Agosto de 2001 - Vol.6 - Nº 8
Psiquiatria,
outros olhares...
Família pobre em terapia
familiar
Dr.
Antonio Mourão Cavalcante
Doutor em Psiquiatria pela Universidade Católica de Louvain (Bélgica),
Doutor em Antropologia pela Universidade de Lyon (França), Professor
Titular de Psiquiatria da Fac. Medicina/UFCe, Diretor do Centro
de Estudos da Família.
Seria
possível instituir atendimento familiar em populações de baixa renda
como programa de uma instituição pública? Quais os cuidados do ponto
de vista administrativo bem como ao nível técnico e político?
A
partir das experiências vivenciadas pelo autor tenta-se esboçar
um perfil mínimo da clientela, destacando os elementos de solidariedade
e desagregação presentes na dinâmica familiar e no contexto sócio-cultural.
Finalmente,
discute-se e propõe-se os eixos básicos para uma intervenção eficaz
junto a estas famílias.
AVALIAÇÃO
Do
ponto de vista administrativo pode-se assinalar, dentre outros,
os seguintes aspectos:
- Observa-se,
sobretudo nas instituições ligadas ao sistema de saúde,
uma progressiva municipalização dos serviços como parte
de uma política definida na Constituição de 1988. O Sistema
Unificado de Saúde (SUS) não tem sido exitoso em muitos
lugares, não atingindo os objetivos propostos. Houve uma
gradual desorganização do sistema e da rede de instituições.
Nem sempre a municipalização acompanhou-se de transferência
de recursos, do nível federal e estadual para os municípios,
revelando, com freqüência, disputa política regionais.
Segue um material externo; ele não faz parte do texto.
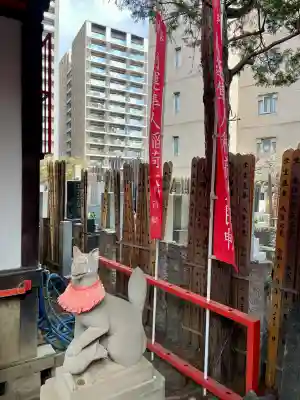 隼人稲荷神社の{uncategorized: "未分類", other: "その他", undefined: "問題あり", building: "その他建物", grave: "お墓", sacred_gate: "鳥居", guardian: "狛犬", statue: "像", buddha: "仏像", history: "歴史", nature: "自然", garden: "庭園", animal: "動物", pagoda: "塔", temizu: "手水舎", mountain_gate: "山門・神門", sanctuary: "本殿・本堂", subordinate: "末社・摂社", art: "芸術", scenery: "景色", jizo: "地蔵", ema: "絵馬", goshuin: "御朱印", omikuji: "おみくじ", items: "授与品その他", amulet: "お守り", goshuincho: "御朱印帳", eats: "食事", festival: "お祭り", votive_dance: "神楽", shichigosan: "七五三参", wedding: "結婚式", experience: "体験その他", initially: "初詣", around: "周辺", anti_infection: "感染症対策"}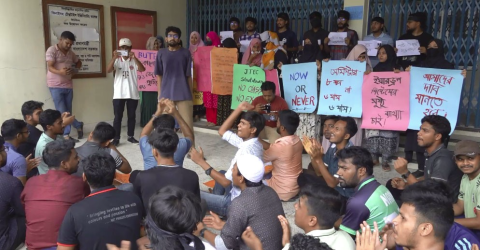 ৭ দফা দাবি আদায়ে ঝিনাইদহ টেক্সটাইল শিহ্মার্থী দের কমপ্লিট শার্টডাউন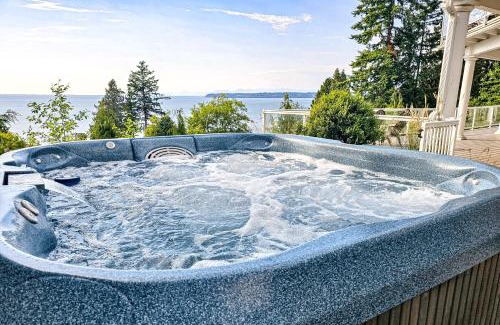 Blaine House | Inviting Driftwood Retreat with Hot Tub & Pet-Friendly Stay
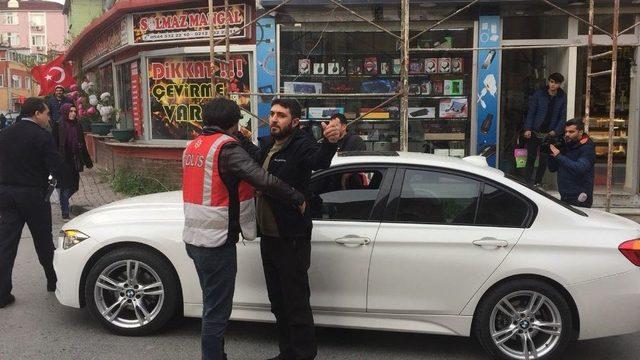 İstanbul’da Lüks Otomobilde Uyuşturucu Ele Geçirildi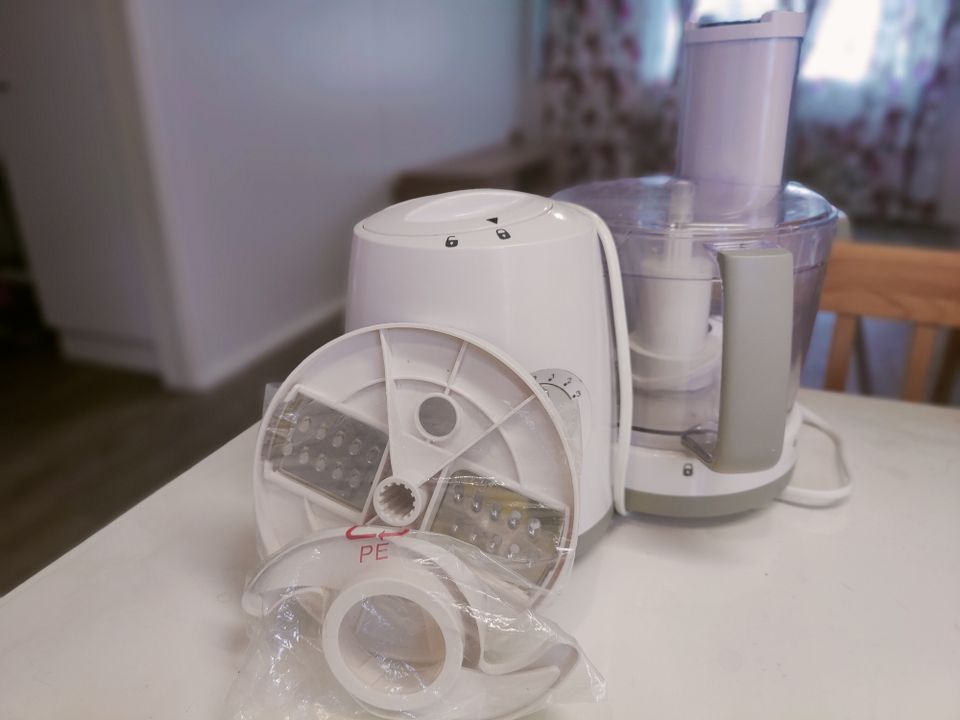 monitoimikone/ food processor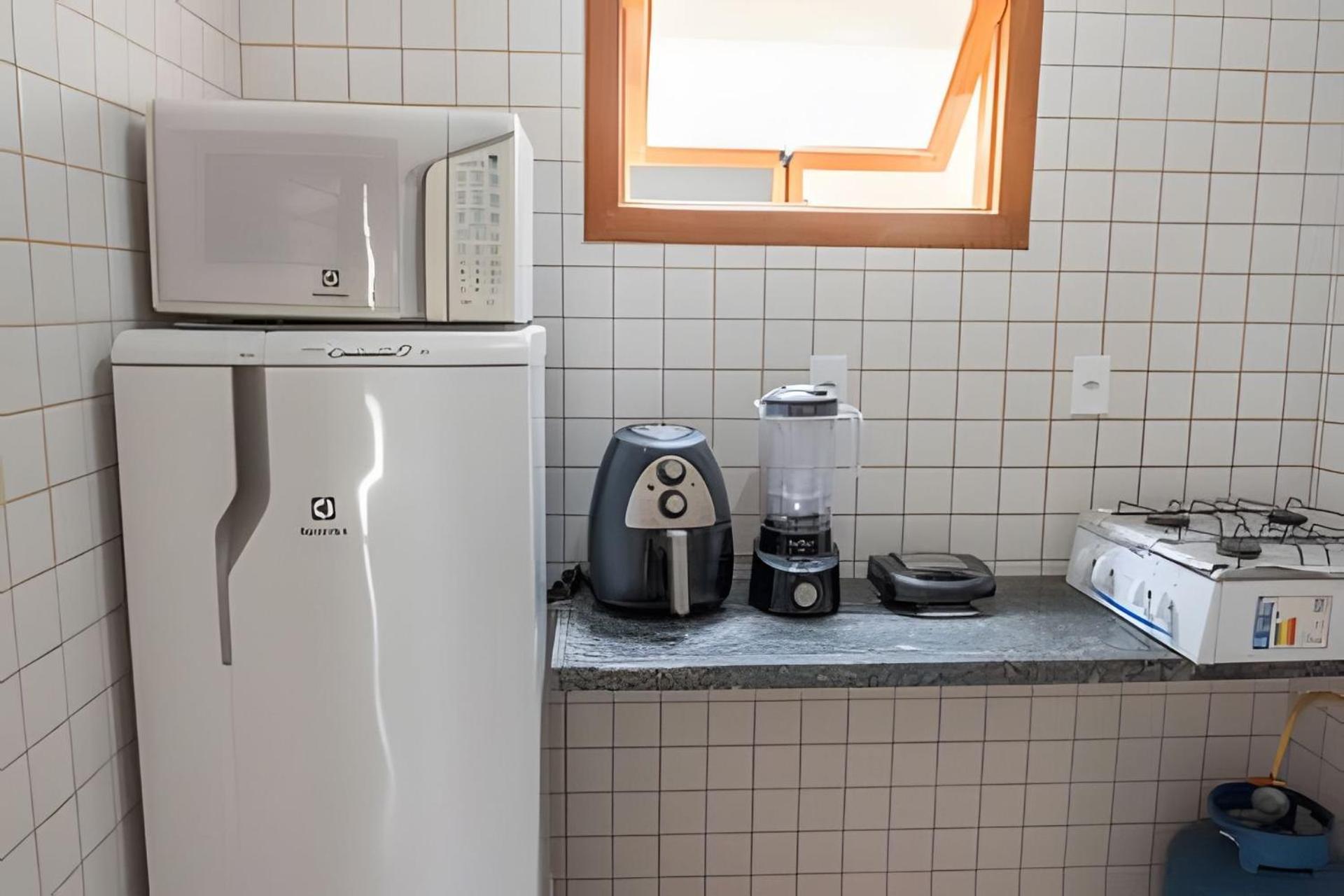 Em Frente A Praia De Taperapuan; Piscina; 1 Quarto; Wifi 300 Mbs; Estacionamento Gratuito 1 Veiculo Porto Seguro Dış mekan fotoğraf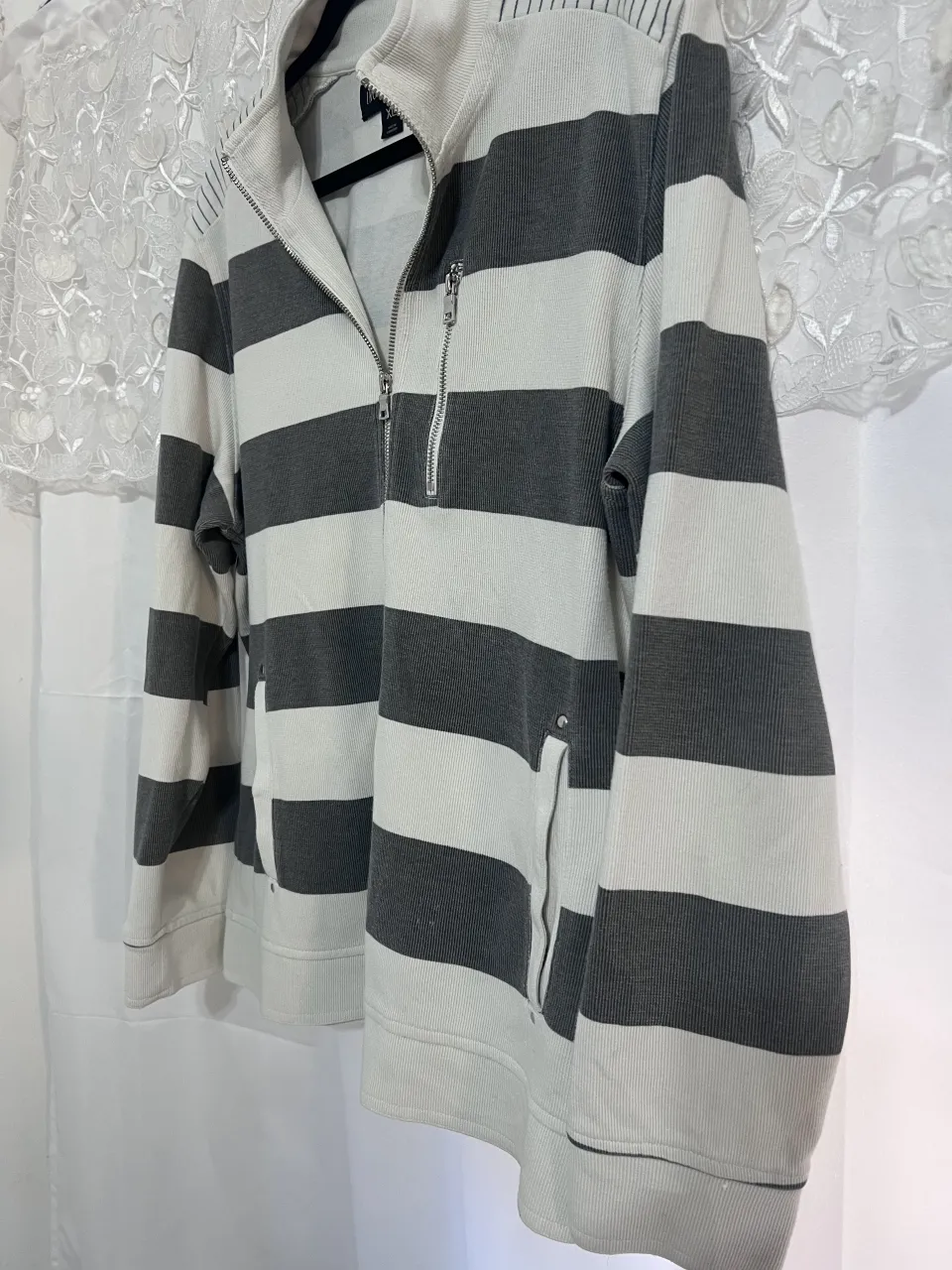 Campera INC International Concepts - imagen 3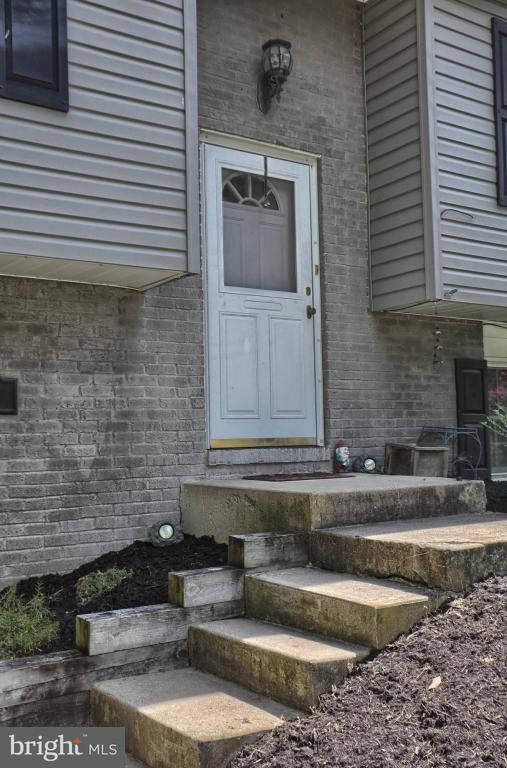 168 Summer Lane Lititz, PA 17543 - Photo 2 of 19 Gallery Image 2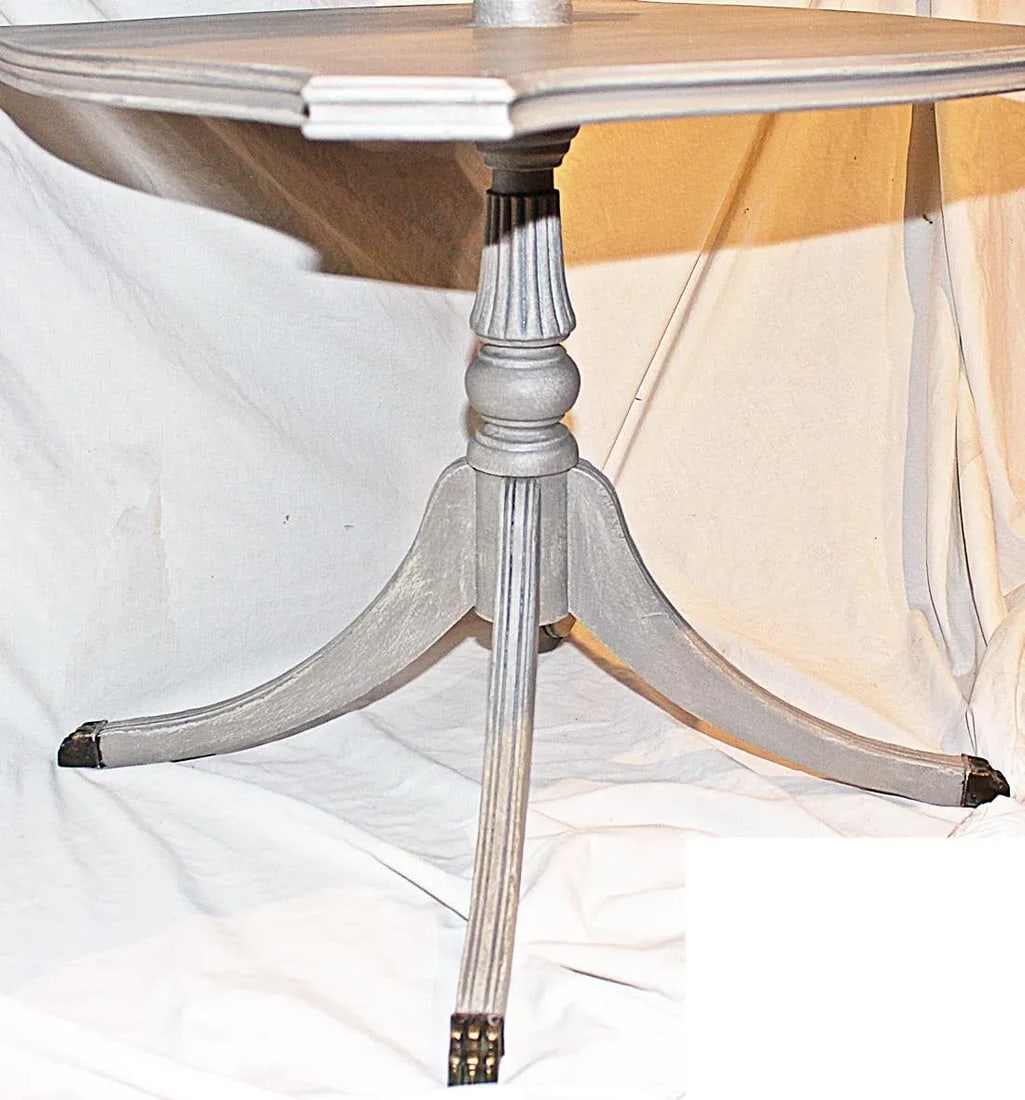 1940s Patined 2-Tier Table - 5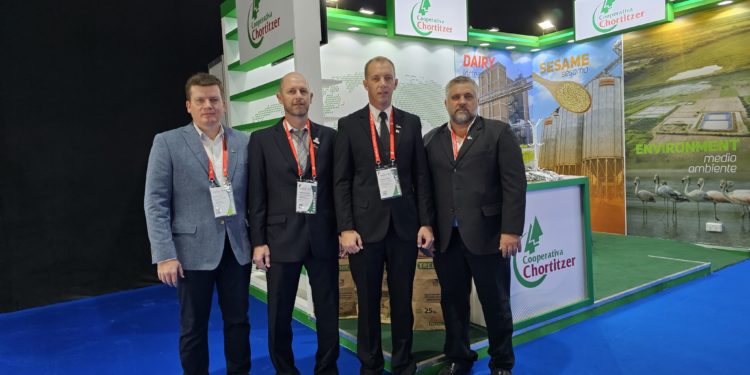 Cooperativa Chortitzer a través de “Lácteos Trébol” participa de reconocida feria de alimentos internacional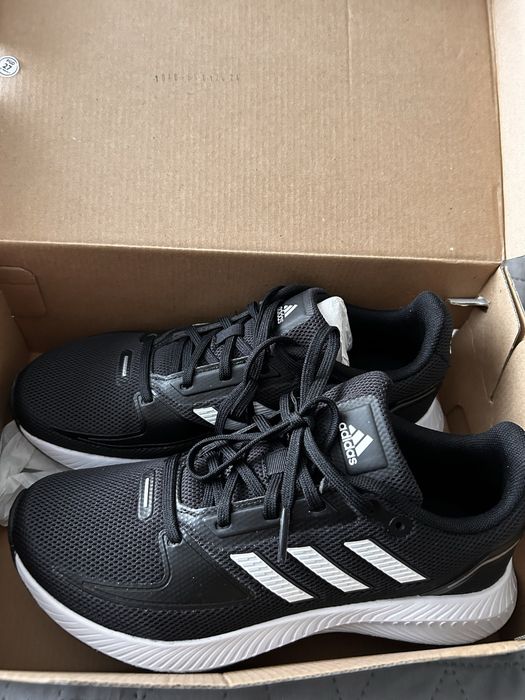 Маратонки Addidas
A
esta indefinição, deve-se registrar a diminuição sistemática
dos recursos para a área de saúde, repercutindo diretamente
nas atividades destas instituições;
- apesar
do esforço de descentralização, ainda observa-se uma enorme
hierarquia burocratizante que emperra a máquina e a eficácia
das ações empreendidas. Está-se diante de instituições "baleias".
O Brasil, como um todo, parece adequar-se a essa designação.
O que se contrapõe aos países e instituições "tigres"
e "lebres", conhecidos do mundo desenvolvido.
Cada iniciativa é abortada, seja pela resistência às mudanças,
seja pela morosidade na adoção destas novas medidas e projetos.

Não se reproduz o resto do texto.